You all come from a more punk background but have progressed musically into something pop/uplifting. What prompted this switch?
Erroll
: It was a conscious decision to play simpler songs with a more limited pool of influences. Experimenting with open tunings, reading and listening to a mountain of Smiths material, Sonic Youth, re-visiting the first J Mascis and the Fog record and being introduced to Beijing bands such as Carsick Cars and P.K.14 by my good friend Wen Shi all contributed to the first few Make More songs. At that same time I also finally got around to reading Rip it Up and Start Again by Simon Reynolds (who shares a name with our drummer) and was introduced to my favourite band to this day – Josef K, by Clinton of The Bell Divers. It was a really exciting time for us.

What’s the songwriting process like? Do you have any rituals?
Erroll
: The songwriting process evolved a lot from our previous band where we would toil over every riff, often cramming 10 or so into a song with little to no repetition, into a process where I would basically write a simple song on guitar and we would then add bass and drums. We still work that way now and with Simon, our drummer, living in Melbourne it’s exciting to meet up after a while and write a new song in a practice.

Apart from pacing the house while listening to records the only real ritual I have is putting my thumb above my top button and my pinky below the next button on my shirt and proceeding down my shirt until I’m out of buttons when we’re about to play. Collectively we love to drink coffee together and go record shopping whenever we are away to play shows.

Spend Life has a very Brisbane feel to it. How would you describe the influence of the place on the album?
Simon:  I grew up on the North Coast of NSW and used to travel to Brisbane on weekends to go to shows. Seeing bands like Iron On, My Disco, On/Oxx and Shuriken in car parks, abandoned furniture warehouses and in places like 610 totally changed my conception of how music could be done. Coming from Lismore, this place felt like New York and I was completely infatuated. It has always had an interesting dynamic of providing a space for weirdos like me, from smaller places with little scope for artistic endeavour to congregate from all over regional Queensland. The wonderful influence of lineage from The Go Betweens, Saints and Ups and Downs is inescapable but also somehow difficult to explain. It’s all over Spend Life and will be all over everything we do, no matter where we are at the time. The book Pig City articulates it so well. The concept of “the striped sunlight sound” simplicity, bare minimum, guitar to amp to express a feeling without convolution – writing sunny songs because the real sun up here isn’t very fun at all.

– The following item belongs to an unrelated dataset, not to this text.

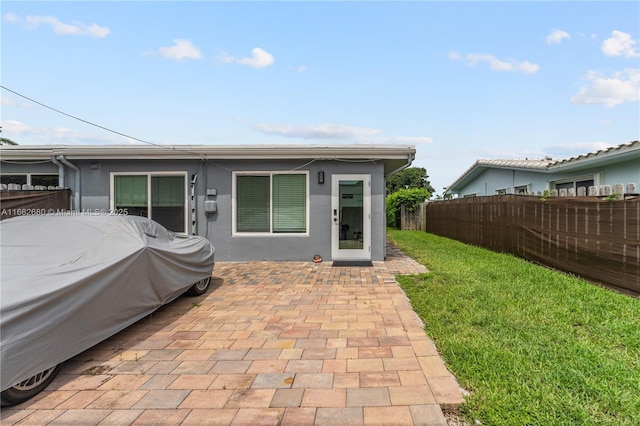 rear view of house featuring a yard and a patio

What were some of the key influences – outside of music – for creating the album?
Never wanting to stop playing in a band (well, for more than a week or so) has been a big influence on Spend Life. Other than that, ancient history, science and tech news articles, university, music documentaries, Uncut magazine and the Mysterious Universe podcast inspire the song writing process.

What’s the story behind the title Spend Life?
Spend Life is about time as a currency. When you don’t have a lot of money, and no real desire to engage in lucrative yet stressful endeavours, investing your time wisely is vitally important. Netflix has probably seen me waver in this regard lately.

Spend Life is out now via Black Wire Records and Lacklustre Records.